- Born: Kimberly Solomon 1961 (age 64–65) Los Angeles, California, U.S.
- Education: Vassar College
- Occupations: Journalist; political commentator; magazine publisher and writer;
- Spouses: ; Michael Fortier ​ ​(m. 1987; div. 2000)​ ; Stephen Quinn ​(m. 2001)​
- Children: 2
- Parent(s): Lugene Sanders Marvin Solomon

= Kimberly Quinn (journalist) =

American journalist

Kimberly Quinn (formerly Fortier; née Solomon; born 1961) is an American journalist, commentator and magazine publisher and writer; latterly the publisher of British conservative news magazine The Spectator.

==Early life==
A native of Los Angeles, California, Quinn is one of two daughters of businessman Marvin Solomon and actress Lugene Sanders. She is of Jewish heritage. She majored in Victorian Studies at Vassar College.

==Professional career==
Quinn has written for The Wall Street Journal, Vogue and UK newspapers The Daily Telegraph, The Times, Evening Standard, and The Independent. She was the Communications and marketing director for Condé Nast Publications in the UK. She took her position at The Spectator in 1996. On 24 November 2006, Kimberly Quinn resigned from her post at The Spectator.
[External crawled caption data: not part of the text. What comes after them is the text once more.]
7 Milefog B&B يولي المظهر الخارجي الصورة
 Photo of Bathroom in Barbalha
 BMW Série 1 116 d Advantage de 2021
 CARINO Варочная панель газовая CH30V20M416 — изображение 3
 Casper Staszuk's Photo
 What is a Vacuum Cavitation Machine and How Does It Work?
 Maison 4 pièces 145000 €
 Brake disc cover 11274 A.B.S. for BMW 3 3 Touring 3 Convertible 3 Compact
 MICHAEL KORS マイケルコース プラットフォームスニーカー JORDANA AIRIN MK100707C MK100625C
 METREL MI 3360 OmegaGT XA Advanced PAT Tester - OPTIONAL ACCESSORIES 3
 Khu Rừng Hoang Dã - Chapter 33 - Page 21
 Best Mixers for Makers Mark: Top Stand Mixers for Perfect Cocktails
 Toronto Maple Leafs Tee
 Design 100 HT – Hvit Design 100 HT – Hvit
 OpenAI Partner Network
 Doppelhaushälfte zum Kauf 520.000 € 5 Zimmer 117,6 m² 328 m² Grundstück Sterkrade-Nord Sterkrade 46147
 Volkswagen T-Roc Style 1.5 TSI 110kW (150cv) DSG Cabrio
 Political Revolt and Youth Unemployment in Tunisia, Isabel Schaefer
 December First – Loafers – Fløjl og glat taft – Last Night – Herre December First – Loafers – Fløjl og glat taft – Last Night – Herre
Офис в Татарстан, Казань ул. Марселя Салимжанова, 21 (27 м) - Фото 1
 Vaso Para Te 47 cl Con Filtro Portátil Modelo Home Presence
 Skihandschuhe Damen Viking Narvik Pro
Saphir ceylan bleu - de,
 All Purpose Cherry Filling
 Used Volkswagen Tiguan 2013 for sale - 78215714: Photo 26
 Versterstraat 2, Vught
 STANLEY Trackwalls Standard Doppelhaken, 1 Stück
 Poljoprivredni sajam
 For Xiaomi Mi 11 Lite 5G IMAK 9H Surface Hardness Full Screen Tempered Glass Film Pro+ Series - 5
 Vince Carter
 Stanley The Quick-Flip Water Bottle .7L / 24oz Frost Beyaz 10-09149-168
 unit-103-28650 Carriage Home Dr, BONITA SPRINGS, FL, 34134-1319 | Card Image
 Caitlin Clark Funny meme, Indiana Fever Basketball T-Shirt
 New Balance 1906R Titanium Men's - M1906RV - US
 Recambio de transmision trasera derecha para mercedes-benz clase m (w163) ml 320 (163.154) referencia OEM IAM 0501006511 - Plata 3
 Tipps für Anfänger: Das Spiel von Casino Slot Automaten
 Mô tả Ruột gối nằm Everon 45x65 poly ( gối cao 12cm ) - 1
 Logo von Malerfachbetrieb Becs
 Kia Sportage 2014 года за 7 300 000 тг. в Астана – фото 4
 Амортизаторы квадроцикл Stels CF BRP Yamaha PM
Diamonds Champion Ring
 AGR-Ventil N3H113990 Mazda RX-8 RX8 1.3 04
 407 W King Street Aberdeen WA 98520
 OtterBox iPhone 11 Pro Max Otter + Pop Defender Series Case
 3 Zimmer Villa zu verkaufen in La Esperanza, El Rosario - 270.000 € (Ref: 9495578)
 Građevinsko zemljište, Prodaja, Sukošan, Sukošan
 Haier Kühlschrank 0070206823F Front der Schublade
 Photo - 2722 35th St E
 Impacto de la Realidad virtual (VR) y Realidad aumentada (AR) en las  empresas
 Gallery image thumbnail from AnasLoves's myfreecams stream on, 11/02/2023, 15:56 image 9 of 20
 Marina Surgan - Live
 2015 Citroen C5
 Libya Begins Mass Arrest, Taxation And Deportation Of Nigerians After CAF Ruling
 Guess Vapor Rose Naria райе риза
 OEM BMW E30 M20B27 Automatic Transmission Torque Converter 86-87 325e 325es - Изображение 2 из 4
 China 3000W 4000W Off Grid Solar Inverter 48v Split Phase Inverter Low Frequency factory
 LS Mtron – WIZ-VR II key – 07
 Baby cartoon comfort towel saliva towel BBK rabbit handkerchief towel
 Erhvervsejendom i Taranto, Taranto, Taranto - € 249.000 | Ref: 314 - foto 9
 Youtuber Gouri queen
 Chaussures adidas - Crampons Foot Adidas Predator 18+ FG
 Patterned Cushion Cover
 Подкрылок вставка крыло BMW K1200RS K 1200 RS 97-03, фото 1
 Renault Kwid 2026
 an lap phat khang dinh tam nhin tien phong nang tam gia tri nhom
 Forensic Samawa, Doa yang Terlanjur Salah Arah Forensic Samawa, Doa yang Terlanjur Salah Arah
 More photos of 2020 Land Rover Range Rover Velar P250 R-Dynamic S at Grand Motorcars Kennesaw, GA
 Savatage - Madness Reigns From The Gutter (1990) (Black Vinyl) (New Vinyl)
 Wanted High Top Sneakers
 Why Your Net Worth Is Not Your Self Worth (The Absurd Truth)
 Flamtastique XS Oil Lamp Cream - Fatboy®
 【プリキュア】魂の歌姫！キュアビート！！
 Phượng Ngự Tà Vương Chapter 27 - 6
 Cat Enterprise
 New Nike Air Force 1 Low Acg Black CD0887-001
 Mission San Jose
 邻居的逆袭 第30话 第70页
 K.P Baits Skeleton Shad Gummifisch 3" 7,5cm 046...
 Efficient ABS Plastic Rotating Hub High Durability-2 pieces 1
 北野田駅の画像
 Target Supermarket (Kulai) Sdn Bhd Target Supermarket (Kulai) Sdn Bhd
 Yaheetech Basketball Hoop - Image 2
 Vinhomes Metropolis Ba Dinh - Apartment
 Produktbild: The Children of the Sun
She has written a series of time travel adventures for young adults; the Chronicles of the Tempus series. The first work, The Queen Must Die (2010) was followed by The Queen at War (2013).

==Personal life==
In 1987, Quinn married American investment banker Michael Fortier; the couple divorced in 2000, following revelations of her affair with Stephen Quinn, publisher of Vogue and GQ magazines. In 2001, she married Quinn; during this marriage, she had an affair with David Blunkett, Home Secretary in Tony Blair's ministry. Quinn's three-year affair with David Blunkett ended acrimoniously in mid-2004. The affair was finally revealed in full in the R v Brooks, Coulson and six others trial in October 2013, part of the News International phone hacking scandal. Police had found 330 illegally intercepted voicemail messages between Blunkett and Quinn in the safe of the News of the World's lawyer.

During that period, Quinn gave birth to one son and became pregnant with a second child. The paternity of the two children became a matter of dispute. Blunkett's paternity of Quinn's elder child, William, was confirmed by DNA tests. Following the end of the affair between Quinn and Blunkett, moves by him to gain informal access to the first child were rejected by Quinn, and in early December 2004 Blunkett petitioned the Family Division of the High Court to grant him legal access. Controversy around a number of matters arising from the affair, particularly concerns over the handling of the visa of Quinn's nanny, contributed to Blunkett's resignation in mid-December 2004. Shortly after Blunkett's resignation, it was revealed by the News of the World that Quinn had also had an affair with Simon Hoggart, a political journalist and regular contributor to The Spectator.

In February 2005, Quinn gave birth to a second son, Lorcan Quinn. A month later, Blunkett announced that DNA tests had revealed he was not the father of Quinn's second child. Blunkett has said that Quinn's elder son attended a Jewish nursery.